Top of Source data

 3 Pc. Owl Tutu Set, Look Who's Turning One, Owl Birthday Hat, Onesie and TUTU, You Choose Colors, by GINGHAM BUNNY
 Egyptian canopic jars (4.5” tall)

Bottom of Source data
Top of Source data

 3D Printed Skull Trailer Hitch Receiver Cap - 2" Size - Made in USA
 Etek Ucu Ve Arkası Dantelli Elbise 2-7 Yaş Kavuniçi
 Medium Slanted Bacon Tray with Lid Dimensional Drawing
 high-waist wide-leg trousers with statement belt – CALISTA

Bottom of Source data
Top of Source data

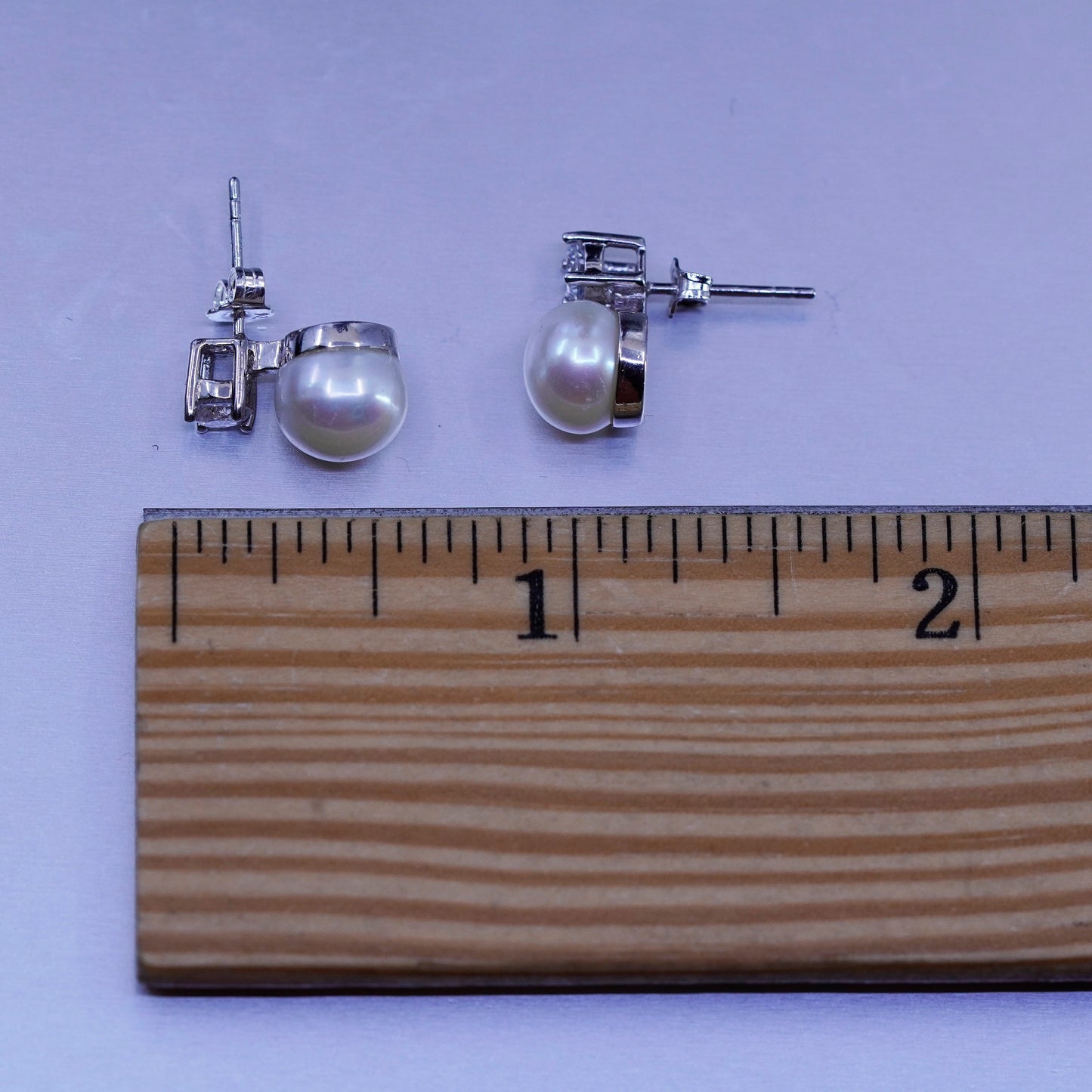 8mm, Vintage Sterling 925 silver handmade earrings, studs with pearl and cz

Bottom of Source data

Task to carry out
With the line holding "3 Pc. Owl Tutu" as the first and the line holding "Egyptian canopic jars" as the last, set down that range of the entries above exactly, and nothing else.

Written answer
 3 Pc. Owl Tutu Set, Look Who's Turning One, Owl Birthday Hat, Onesie and TUTU, You Choose Colors, by GINGHAM BUNNY
 Egyptian canopic jars (4.5” tall)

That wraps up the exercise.